[[ Data below open ]]

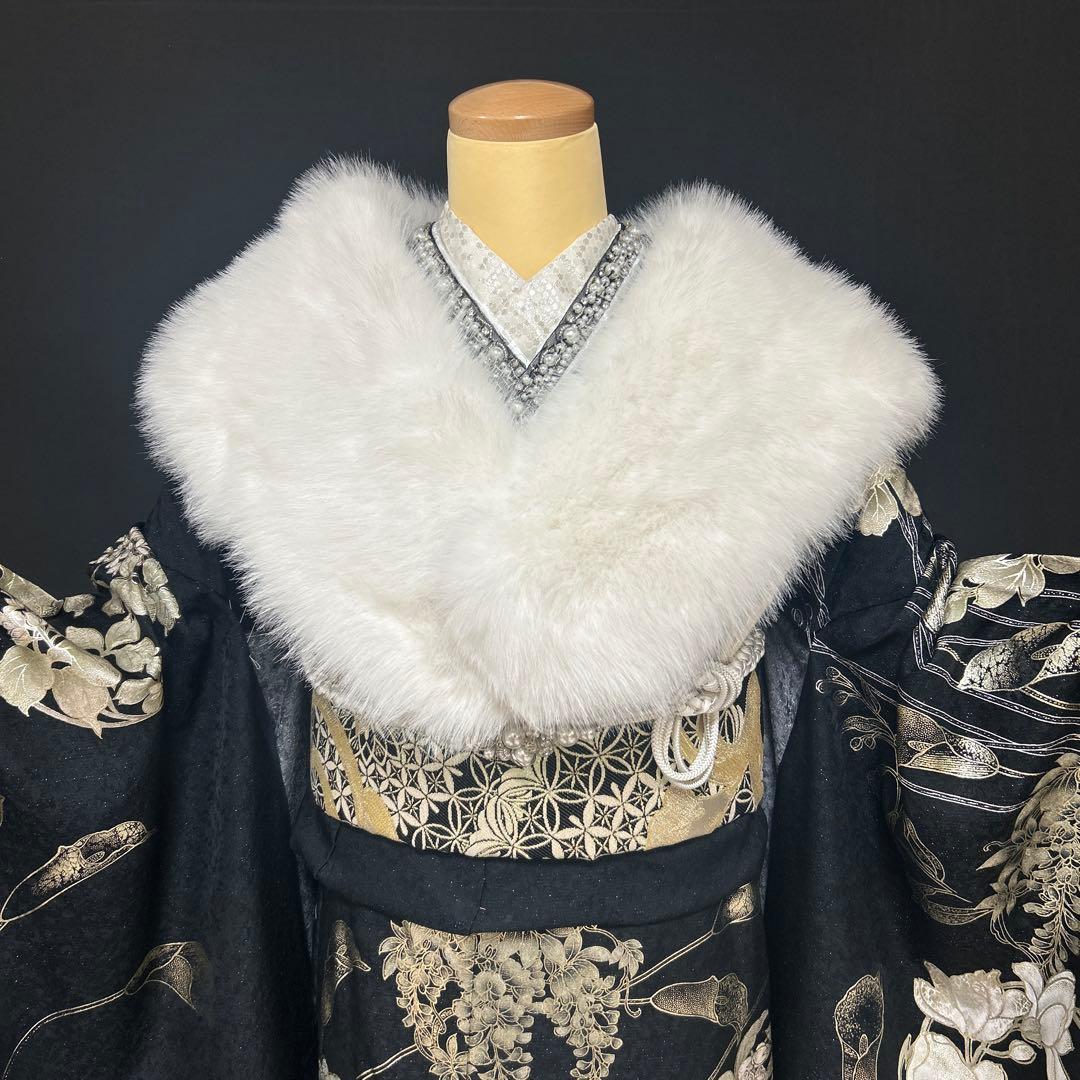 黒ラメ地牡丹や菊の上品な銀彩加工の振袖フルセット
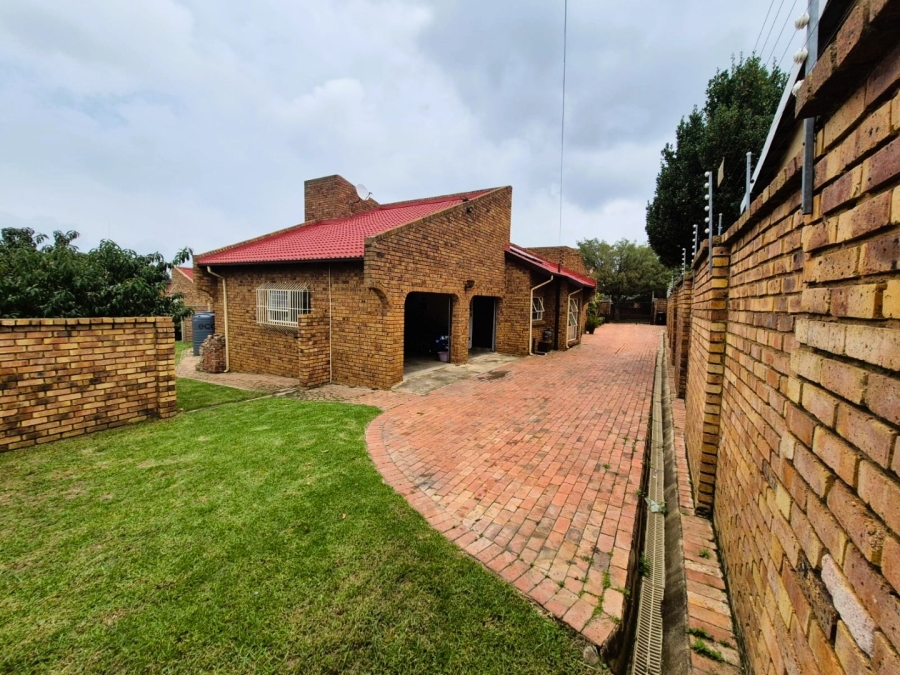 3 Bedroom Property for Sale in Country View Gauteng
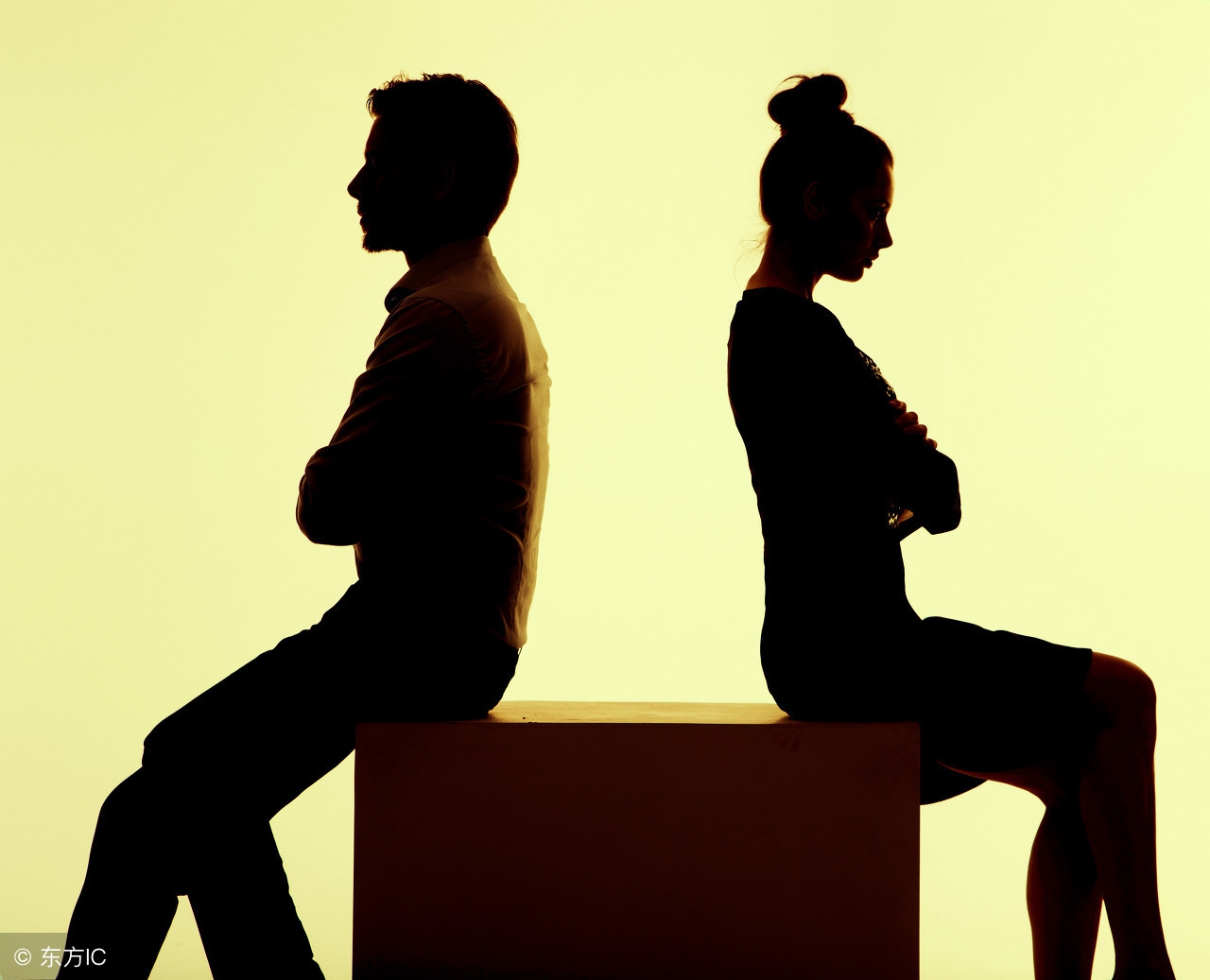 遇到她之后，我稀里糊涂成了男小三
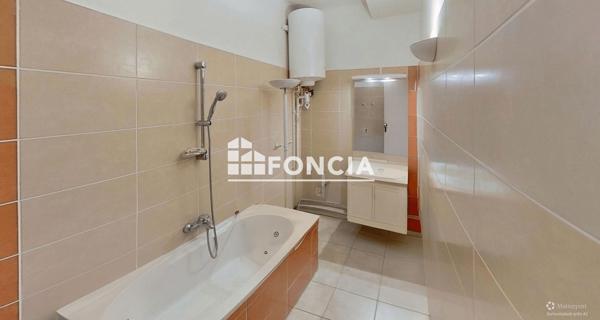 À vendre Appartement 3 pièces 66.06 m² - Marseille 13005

[[ Data below closed ]]

What needs to be done
Return the material above exactly; the images stay out.

Solution below
 黒ラメ地牡丹や菊の上品な銀彩加工の振袖フルセット
 3 Bedroom Property for Sale in Country View Gauteng
 遇到她之后，我稀里糊涂成了男小三
 À vendre Appartement 3 pièces 66.06 m² - Marseille 13005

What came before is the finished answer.